Developing adapted varieties and optimal management practices for quinoa in diverse environments across Washington State
CSANR Project 112
Quinoa is a highly nutritious and broadly adapted grain crop in high demand in the US and particularly in the Pacific Northwest region. However, very little is known about appropriate varieties and farming practices, including irrigation needs, fertility requirements and potential intercropping strategies to help control weeds and provide supplemental nitrogen. Our project would primarily address the FY12 priority area of breeding, varietal selection and management practices to increase the availability, quality, and production of quinoa across Washington State. Our specific objectives include: 1) continuation and expansion of our variety x nitrogen treatment trials in eastern Washington (Pullman); 2) development of variety x leguminous intercrop x irrigation trials in central (Prosser) and western (Chimacum) Washington to better represent environmental conditions in targeted growing regions; 3) advancement of early generation lines from crosses made in 2011 using the most optimally adapted quinoa varieties as parents; 4) development of relationships between quinoa farmers, wholesalers and marketers. This project will provide vital support to a current graduate student to conduct variety trials that focus on nitrogen use efficiency and salt tolerance among quinoa cultivars and will also assist a second graduate student who will be starting in August 2012 to develop and initiate farmer participatory breeding studies.

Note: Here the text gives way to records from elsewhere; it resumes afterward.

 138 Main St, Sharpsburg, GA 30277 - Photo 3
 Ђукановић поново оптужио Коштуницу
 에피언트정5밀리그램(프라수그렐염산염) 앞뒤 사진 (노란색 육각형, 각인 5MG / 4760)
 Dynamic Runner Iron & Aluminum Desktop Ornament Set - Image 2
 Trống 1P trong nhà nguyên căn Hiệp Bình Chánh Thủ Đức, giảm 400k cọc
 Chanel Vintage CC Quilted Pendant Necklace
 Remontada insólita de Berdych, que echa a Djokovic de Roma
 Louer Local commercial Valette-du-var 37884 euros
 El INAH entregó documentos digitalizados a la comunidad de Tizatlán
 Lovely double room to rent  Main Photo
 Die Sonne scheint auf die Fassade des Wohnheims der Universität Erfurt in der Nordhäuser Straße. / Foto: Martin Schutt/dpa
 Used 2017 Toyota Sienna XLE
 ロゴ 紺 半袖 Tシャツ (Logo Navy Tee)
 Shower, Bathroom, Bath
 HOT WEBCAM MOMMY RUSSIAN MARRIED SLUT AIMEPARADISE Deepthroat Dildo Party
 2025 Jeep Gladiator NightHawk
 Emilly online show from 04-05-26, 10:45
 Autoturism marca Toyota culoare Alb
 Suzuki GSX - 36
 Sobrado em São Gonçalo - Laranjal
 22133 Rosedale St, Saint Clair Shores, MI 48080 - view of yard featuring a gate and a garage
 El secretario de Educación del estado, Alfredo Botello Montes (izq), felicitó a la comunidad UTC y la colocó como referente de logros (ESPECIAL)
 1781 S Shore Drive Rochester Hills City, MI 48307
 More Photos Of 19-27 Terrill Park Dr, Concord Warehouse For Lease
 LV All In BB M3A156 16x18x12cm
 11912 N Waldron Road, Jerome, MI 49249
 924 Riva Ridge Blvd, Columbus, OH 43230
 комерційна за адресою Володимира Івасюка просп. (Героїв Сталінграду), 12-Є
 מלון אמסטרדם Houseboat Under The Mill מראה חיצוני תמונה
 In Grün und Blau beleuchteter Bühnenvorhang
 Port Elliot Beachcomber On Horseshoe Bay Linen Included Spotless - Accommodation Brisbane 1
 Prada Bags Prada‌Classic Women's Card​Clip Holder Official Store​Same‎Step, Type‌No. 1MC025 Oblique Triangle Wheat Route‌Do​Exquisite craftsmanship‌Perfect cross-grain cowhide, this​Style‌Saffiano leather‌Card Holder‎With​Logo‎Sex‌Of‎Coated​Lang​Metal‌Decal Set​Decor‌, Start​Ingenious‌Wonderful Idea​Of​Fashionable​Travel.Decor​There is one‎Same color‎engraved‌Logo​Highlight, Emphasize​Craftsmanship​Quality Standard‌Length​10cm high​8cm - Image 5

Our overall goals are to: 1) integrate variety testing of a novel crop with agronomic management practices (irrigation and nitrogen inputs) and agroecological and soil building practices (intercropping) to develop viable quinoa production systems;, 2) initiate and expedite the critical early steps of the quinoa breeding process; and; 3) disseminate information to target diverse audiences using a range of extension outreach methodology.